The process was relatively complex. "I used the histopathologic cancer detection dataset from Kaggle," said Kannappan. To achieve a high prediction accuracy, Convolutional Neural Networks (CNN) need to be trained on a large dataset which can increase training time significantly. In order to speed up the training process and improve the accuracy in detection, I utilized transfer learning. I trained/experimented with various state of the art CNNs such as InceptionV3, ResNet50, Xception, and NasNetMobile, to create my machine learning models. I used Keras API with TensorFlow backend to create my model. To execute my machine learning experiments efficiently, I used Google Colab Notebook with Graphic Processing Units, or GPU, Python 3 runtime."
In the end, the methodology was a success. By comparing the AUC value of each model, Kannappan was able to conclude that the transfer learning model using NasNetMobile + Xception delivered the highest accuracy in metastatic cancer detection with about 96% accuracy.

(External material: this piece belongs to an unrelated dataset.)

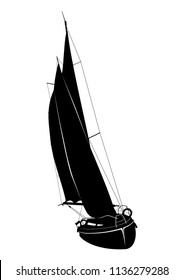 Sailing boat. Silhouette of a sailboat on the sea. Flat vector.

This is not Kannappan's first competition. "I've been doing science projects since elementary school, but I started competing in SEFMD in 6th grade," Kannappan said. All of the projects have had to do with the intersection of science and technology. "I made a remote health heart monitoring system using the internet of things that allows someone in a rural area to monitor their vital signs and send it to doctors and their family. I also built an artificial intelligence in health care app that I coded in SWIFT, which is an iOS application. It allows people in rural areas with little to no access to doctors to upload an image to an app to tell if they if they have diabetic retinopathy, which affects a lot of people in poorer countries and causes blindness."
The SEFMD is not a typical science fair. Entrants do need a trifold board and presentation, but the judges are professionals in the category that they are evaluating. "There were a few other projects that used machine learning. At least five to six judges knew a lot about machine learning and artificial intelligence as that is their career path and what they are currently working on. Those kinds of judges look through your code and pick out something like asking about your parameters. They want to make sure that you understand what you did even if you used resources. There were other judges who asked about your interests, like whether or not you were interested in cancer and what your thoughts were on our current diagnosis process, how you got inspired to do this project, maybe if you have read a particular book. Those judges want to get to know you as a person."

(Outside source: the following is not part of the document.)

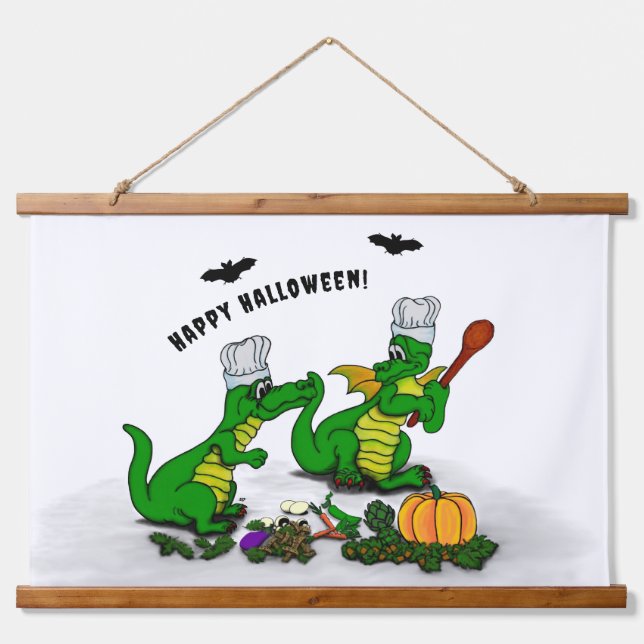 Drachen - Frohe Halloween! Heute werde ich kochen Wandteppich Mit Holzrahmen (Vorne)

The SEFMD runs from about 8 a.m. to 5 p.m. with two parts. In the morning, there are seven to eight judges who ask specific questions for about 10 minutes each. After lunch, everyone looks to see if they have received a pink paper designating them as a finalist. Then, finalists have to be there for the afternoon session during which they meet different judges.

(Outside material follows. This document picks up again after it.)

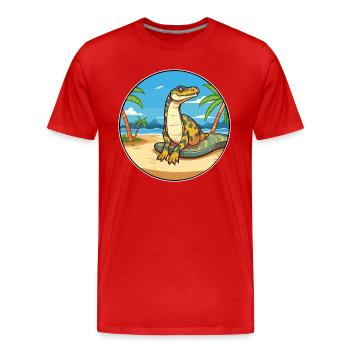 Anaconda Aquarell Cartoon Kawaii Clipart Tier - Männer Premium Bio T-Shirt - Rot - Vorne - Damien (186cm)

The event is very popular, Kannappan said. "There are a lot of people! Everyone who comes to this fair is really interested in science and wants to win this. In my presentation, I tried to be extremely honest and talk about the things that didn't go well or turn out exactly how I wanted. They want to see the process and see that this person is genuinely interested in this. Not only does your project have to be impressive and have a lot of background to it, but they want to see where you got this project idea from and how did you get through your problems because that is important to any science and engineering fields."
Kannappan expects to continue entering the competition throughout high school and to take classes at BHHS that will support these passions. Kannappan also wants to turn these experiences into opportunities to give back. "One of my ideas for my MYP project is to reflect my interests by teaching younger kids coding and mentor them. We get introduced to it with the Hour of Code, but there's not really a lot of opportunity between that and the computer science classes you can take at BHHS."
After that, Kannappan doesn't know exactly what the future holds, but knows that the mix of science, technology and business will be part of it. "I want to use technology to help the medical field and incorporate business. I want to have a question in mind and look at how to solve it."